İsrail Başbakanı Binyamin Netanyahu pazartesi akşamı Beyaz Saray'da ABD Başkanı Donald Trump'la yediği yemekte konuşuyor. (EPA)
Yetkili, ertesi gün ile ilgili olarak şu ifadeleri kullandı: “Ana ve gerekli koşul Gazze Şeridi'nde Hamas'ın olmamasıdır. Hamas silahsızlandırılmalı ve liderleri sürgün edilmeli. Başka bir güç Gazze Şeridi'ni kontrol etmeli ve silah kullanımını engellemeli.”

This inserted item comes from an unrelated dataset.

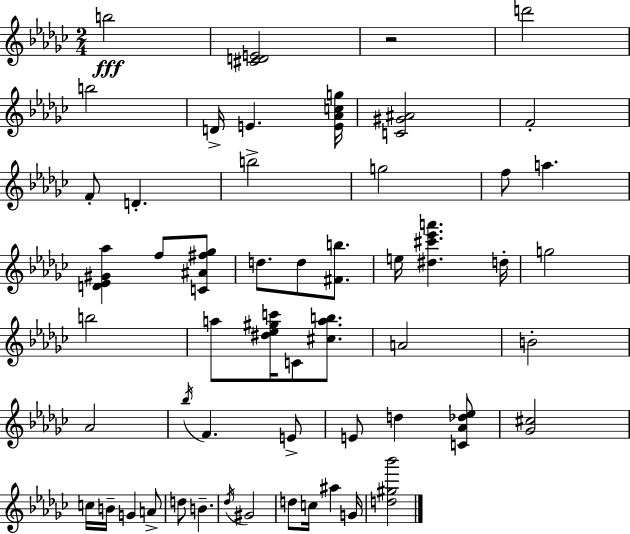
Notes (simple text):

B5/h [C#4,D4,E4]/h R/h D6/h B5/h D4/s E4/q. [E4,Ab4,C5,G5]/s [C4,G#4,A#4]/h F4/h F4/e D4/q. B5/h G5/h F5/e A5/q. [D4,Eb4,G#4,Ab5]/q F5/e [C4,A#4,F#5,Gb5]/e D5/e. D5/e [F#4,B5]/e. E5/s [D#5,C#6,Eb6,A6]/q. D5/s G5/h B5/h A5/e [D#5,Eb5,G#5,C6]/s C4/e [C#5,A5,B5]/e. A4/h B4/h Ab4/h Bb5/s F4/q. E4/e E4/e D5/q [C4,Ab4,Db5,Eb5]/e [Gb4,C#5]/h C5/s B4/s G4/q A4/e D5/e B4/q. Db5/s G#4/h D5/e C5/s A#5/q G4/s [D5,G#5,Bb6]/h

Hangi gücü kastettiği sorulduğunda ise “Bunu tartışıyoruz. İsrail ordusu her türlü tehdidi engellemek için her zaman hazır bulunacak. Gazze Şeridi'nde güvenlikten İsrail sorumlu olacak” yanıtını verdi.
Yetkili, Gazze Şeridi’nin sivil kontrolü konusunda şunları söyledi: “Gazze Şeridi'nde gündelik hayatı yöneten bir hükümet sistemi olmalı. Belki belli bir süre için orada olacağız ve bu konuda endişelenmemeliyiz. Eğer ilk aşamada orada olmazsak, iktidarı başka bir tarafa devredebileceğimizden emin olamayız. Gazze Şeridi'ndeki yönetim sistemi Filistinliler tarafından yürütülecek. Kesinlikle Filistinliler olacak ama Filistin Yönetimi olmayacak. Filistin Yönetimi Gazze Şeridi'ni yönetmeyecek.”
Üçüncü görüşme
Trump ile Netanyahu arasında pazartesi akşamı Beyaz Saray'da gerçekleşen görüşme, Trump'ın geçtiğimiz ocak ayında başkanlık koltuğuna oturmasından bu yana gerçekleşen üçüncü görüşmeydi.

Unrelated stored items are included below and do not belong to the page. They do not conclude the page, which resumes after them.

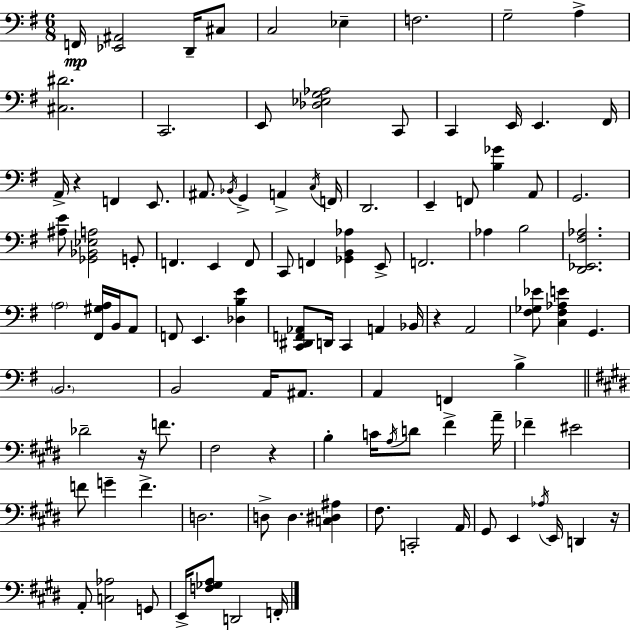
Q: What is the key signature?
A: E minor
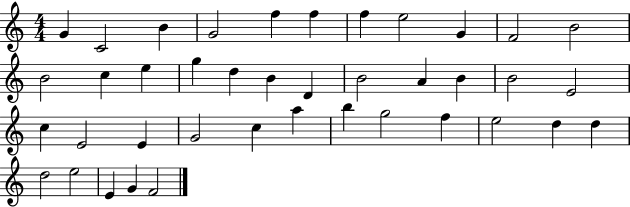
{
  \clef treble
  \numericTimeSignature
  \time 4/4
  \key c \major
  g'4 c'2 b'4 | g'2 f''4 f''4 | f''4 e''2 g'4 | f'2 b'2 | \break b'2 c''4 e''4 | g''4 d''4 b'4 d'4 | b'2 a'4 b'4 | b'2 e'2 | \break c''4 e'2 e'4 | g'2 c''4 a''4 | b''4 g''2 f''4 | e''2 d''4 d''4 | \break d''2 e''2 | e'4 g'4 f'2 | \bar "|."
}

Filistinlilerle barış istediğini ifade eden İsrail Başbakanı, Filistinlilerin gelecekte kuracakları bağımsız bir devleti İsrail'in yıkımı için bir platform olarak tanımladı ve bu nedenle egemen güvenlik yetkisinin İsrail'de kalması gerektiğini savundu.
ABD Başkanı Donald Trump, pazartesi akşamı Beyaz Saray'da İsrail Başbakanı Binyamin Netanyahu ile birlikte (DPA)
Trump, gazetecilerin iki devletli bir çözümün mümkün olup olmadığı sorusuna “Bilmiyorum” dedi ve soruyu Netanyahu'ya yönlendirdi.
Netanyahu soruyu, “Filistinlilerin kendi kendilerini yönetmek için tüm yetkilere sahip olmaları gerektiğine inanıyorum, ancak bizi tehdit edecek herhangi bir yetkiye değil” diye yanıtladı.
Netanyahu ayrıca, Filistinlilerin Gazze Şeridi'nden çıkarılması konusuna da değinerek, İsrail ve ABD'nin, savaştan zarar gören Gazze Şeridi'nden ayrılmak isteyen Filistinlileri kabul edecek ‘birkaç ülke bulmaya yakın’ olduğunu söyledi.
Netanyahu, “Başkan Trump'ın seçim özgürlüğü diye harika bir vizyonu var. Eğer insanlar kalmak istiyorlarsa kalabilirler ama gitmek istiyorlarsa da gidebilmeliler” şeklinde konuştu.
Üst düzey bir İsrailli yetkili yemekten sonra yaptığı açıklamada, İsrail'in Trump'ın Gazzelileri gönüllü olarak göç etmeye teşvik etme konusunda ciddi olduğuna ikna olduğunu belirtti.
Söz konusu açıklamaların ardından Filistin Yönetimi'nden bir kaynak Şarku’l Avsat'a şunları söyledi: “Onların tutumu biliniyor. Ancak biz siyasi bir süreç başlatmak için uğraşıyoruz. Batı Şeria, Gazze Şeridi ve Doğu Kudüs'ü kapsayan bir devlet kurma hakkımızdan taviz vermeyeceğiz.”